Apostle Paul was an outstanding Apostle in the body of Christ.
Paul may be the most influential person in the history of the Christian faith. His dramatic conversion from a zealous enemy of Christians to a tireless advocate of the gospel ranks as one of the most dramatic stories in Scripture. His years of ministry took him to countless towns and cities throughout Asia Minor and Europe. He also wrote thirteen letters that are included in the New Testament.
FAMILY AND CULTURAL BACKGROUND
Paul was born around AD 10, a Jew in a family of Pharisees (Acts 23:6) of the tribe of Benjamin (Philippians 3:5) in Tarsus of Cilicia (Acts 9:11; 21:39; 22:3). At that time, Tarsus was a center of commerce and learning that embraced Greek culture and Roman politics. The city was a source of pride for him (21:39). His parents named him Saul, perhaps after the first king of Israel, who was also a Benjaminite (1 Samuel 11:15; Acts 13:21), but 13:9 notes that he “was also called Paul.” He used his Roman name Paul throughout his letters.
With the encouragement of devout parents, Paul studied the law and prophets and the Hebrew and Aramaic languages (Acts 21:40; 22:2-3; 23:6; Galatians 1:14; Philippians 3:5-6). Tarsus, however, was not a Jewish city. It was a place where the Greek language was spoken and Greek literature was cultivated. This accounts for Paul’s familiarity with Greek (Acts 21:37), the language of the streets and shops of Tarsus. Many Jews migrated to Tarsus, the capital of the Roman province of Cilicia, in 171 BC to promote business in the region. At that time Paul’s ancestors were probably given Roman citizenship.
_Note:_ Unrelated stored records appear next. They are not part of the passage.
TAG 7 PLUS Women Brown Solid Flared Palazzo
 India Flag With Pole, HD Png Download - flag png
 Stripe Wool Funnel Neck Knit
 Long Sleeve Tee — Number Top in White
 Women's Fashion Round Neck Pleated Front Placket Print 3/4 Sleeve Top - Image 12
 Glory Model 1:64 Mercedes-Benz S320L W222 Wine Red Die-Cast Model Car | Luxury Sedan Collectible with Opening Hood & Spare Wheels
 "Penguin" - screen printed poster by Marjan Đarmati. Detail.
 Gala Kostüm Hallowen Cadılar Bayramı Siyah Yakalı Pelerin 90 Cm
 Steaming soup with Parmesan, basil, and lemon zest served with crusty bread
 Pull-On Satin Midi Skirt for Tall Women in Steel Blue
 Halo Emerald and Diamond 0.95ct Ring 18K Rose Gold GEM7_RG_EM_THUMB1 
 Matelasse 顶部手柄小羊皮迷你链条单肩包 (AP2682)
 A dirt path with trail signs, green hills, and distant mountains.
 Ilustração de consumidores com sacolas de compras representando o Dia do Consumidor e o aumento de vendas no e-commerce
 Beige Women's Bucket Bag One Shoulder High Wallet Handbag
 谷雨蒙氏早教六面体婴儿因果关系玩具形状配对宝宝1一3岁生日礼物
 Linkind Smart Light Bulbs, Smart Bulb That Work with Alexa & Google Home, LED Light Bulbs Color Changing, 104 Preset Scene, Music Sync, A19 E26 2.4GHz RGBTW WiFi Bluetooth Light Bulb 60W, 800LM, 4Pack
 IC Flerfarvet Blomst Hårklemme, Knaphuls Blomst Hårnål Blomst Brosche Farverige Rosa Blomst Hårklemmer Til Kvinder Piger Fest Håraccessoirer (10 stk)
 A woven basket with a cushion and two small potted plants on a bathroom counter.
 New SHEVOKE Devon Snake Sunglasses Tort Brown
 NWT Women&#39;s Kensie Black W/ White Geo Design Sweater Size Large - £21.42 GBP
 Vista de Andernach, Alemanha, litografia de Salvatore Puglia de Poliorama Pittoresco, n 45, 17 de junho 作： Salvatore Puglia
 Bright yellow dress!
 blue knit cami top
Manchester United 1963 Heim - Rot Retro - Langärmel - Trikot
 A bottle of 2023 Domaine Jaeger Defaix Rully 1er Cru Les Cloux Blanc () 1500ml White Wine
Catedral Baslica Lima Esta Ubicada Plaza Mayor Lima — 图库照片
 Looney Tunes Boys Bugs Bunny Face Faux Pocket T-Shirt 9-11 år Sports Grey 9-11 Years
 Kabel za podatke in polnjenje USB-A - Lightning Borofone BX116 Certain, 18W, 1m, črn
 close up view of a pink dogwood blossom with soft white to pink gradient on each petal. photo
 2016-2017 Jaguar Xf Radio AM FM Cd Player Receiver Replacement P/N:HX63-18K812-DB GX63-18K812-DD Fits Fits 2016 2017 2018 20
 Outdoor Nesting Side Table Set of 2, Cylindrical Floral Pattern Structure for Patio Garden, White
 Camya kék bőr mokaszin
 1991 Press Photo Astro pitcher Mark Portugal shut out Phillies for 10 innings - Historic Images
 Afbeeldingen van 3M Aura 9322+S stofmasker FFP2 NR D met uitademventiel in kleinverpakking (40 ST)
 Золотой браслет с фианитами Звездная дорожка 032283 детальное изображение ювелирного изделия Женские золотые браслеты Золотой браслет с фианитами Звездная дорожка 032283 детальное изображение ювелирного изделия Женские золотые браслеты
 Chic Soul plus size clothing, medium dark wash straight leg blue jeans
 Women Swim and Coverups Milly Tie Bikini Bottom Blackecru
Paul inherited from his father Roman citizenship, which would prove to be of great value to Paul as he traveled throughout the Roman Empire (Acts 16:37; 22:25-29; 23:27). Paul may have had several brothers and sisters, but 23:16 mentions only a nephew, who warned Paul about a plot against his life. Paul was a tentmaker (Acts 18:3). He may have learned this trade from his father, or he may have learned it as a way of making a living, as many rabbis did in his day.
The artisans of Tarsus were well known for their goat’s-hair cloth called cilicium. By knowing how to weave this cloth and fashion it into tents, sails, awnings, and cloaks, Paul gained a measure of economic independence during his ministry (18:3; 20:34; 28:30; 2 Corinthians 11:9; 1 Thessalonians 2:9; 2 Thessalonians 3:8).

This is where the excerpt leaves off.